Use these activities with the Young Readers Text Set
Activity 1: Picture Book Pairs and Read Alouds
Why do bats live in caves?: This article pairs nicely with the picture book Stella Luna by Jannell Cannon.
To build in a lesson about text structure and nonfiction, we suggest the following strategy, followed by a read aloud of Stella Luna.
This teaching resource is for guided instruction which means you will complete it as a class. Log in as a student and project the article.
Students could have the article on a computer as well. As a class, read the article either as a read aloud or jigsaw. Model think alouds for the picture and the headings in the article. Then, put students into partnerships so that they can think aloud each question while you read as a class.
Before and as you read, you can gain information about what the text is about by previewing the headings and the photo. We are going to practice that today together.
Point out the following parts of an article:
You can model these questions for your students, finding answers in the headings.
- What do you notice in the picture? What do you think the article will be about?
- How does the headline or the article relate to the picture?
- Based on the headings, what can we say about the information in the article?
PRO Assign Instructions
Re-read the article and ask yourself the questions again. After reading, take the quiz and in the write prompt evaluate the author’s argument.
Picture Book Connection
After going through this informational text, students will then be more prepared with additional information when engaged with a picture book.
Activity 2: Our Planet, Our Community: What does it mean to me?
This activity will help students to think about how they fit into their community, and how their community fits into the larger world. Give students a choice of which article they would like to read.
Instructions to Students
As you read articles in this Text Set, you will find answers to questions about familiar things (the sky) and maybe some unfamiliar things (sloths, ligers, bats).
Highlight information you are familiar with in GREEN; highlight information you aren't familiar with in BLUE.
After students read, they will document two ACTIONs that they or their families take that affect the Earth, one positively and one negatively. You can help your students think through cause and effect here. You may need to illustrate cause and effect with examples (helping another person / animal, cleaning up the environment, helping to recycle).

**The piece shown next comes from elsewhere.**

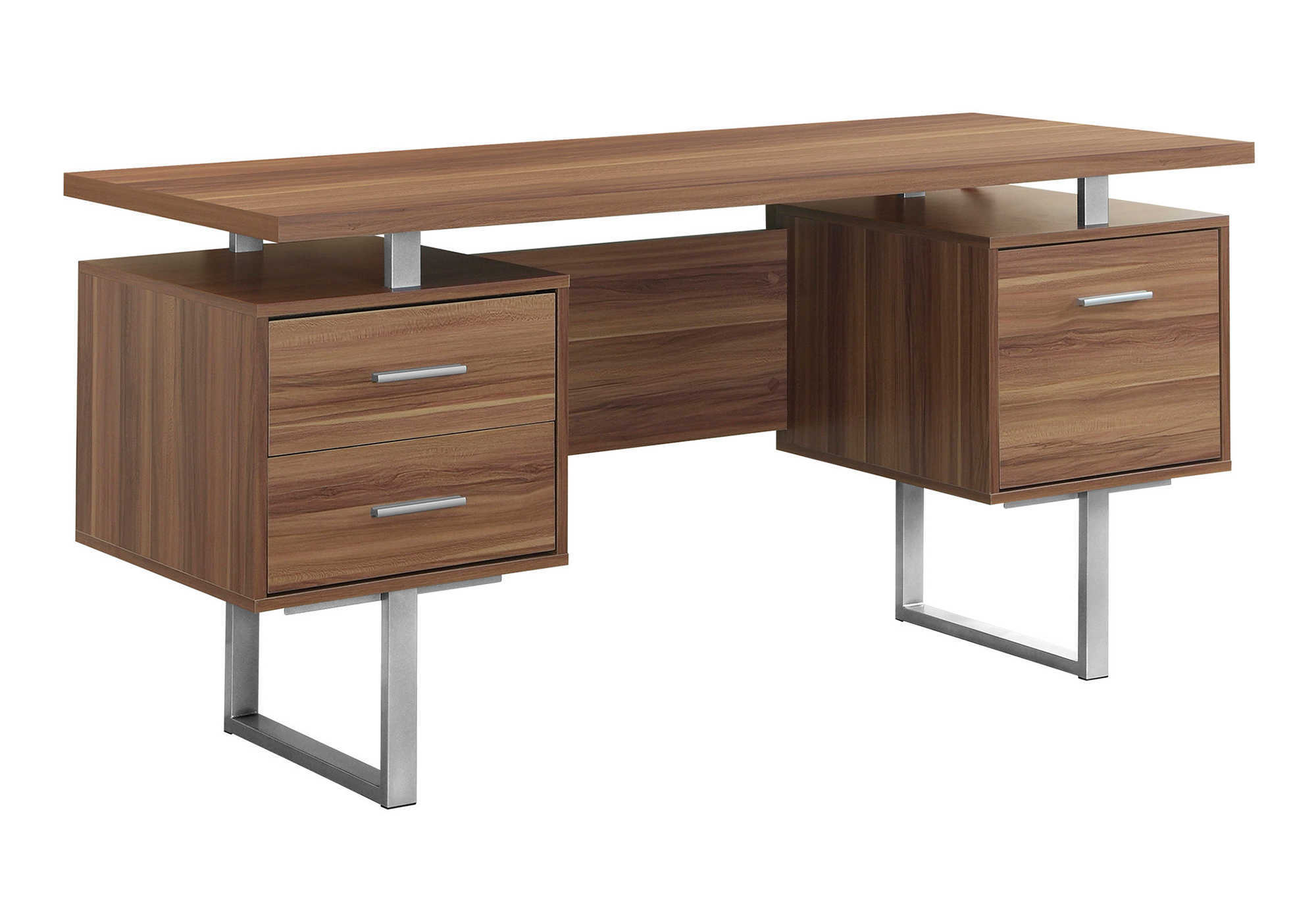 COMPUTER DESK - 60"L / WALNUT / SILVER METAL - Image 2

Tell students they have a choice of how to document their actions on Planet Earth. This could be assigned for homework, with a follow-up activity in class.
- a short story about their action
- two drawings (before and after, cause and effect) of their actions
- a poem about their actions
Students will then pair up and share their actions with each other.
As a class, pool together all of the individual student actions. (Depending on students' ages, you as the teacher might need to do this.) Then, select positive and negative action that is most common among the class.
Ask students the following questions:
- What can we do to get more people in our school and community to also do our positive action?
- What can we do to help counteract our negative action?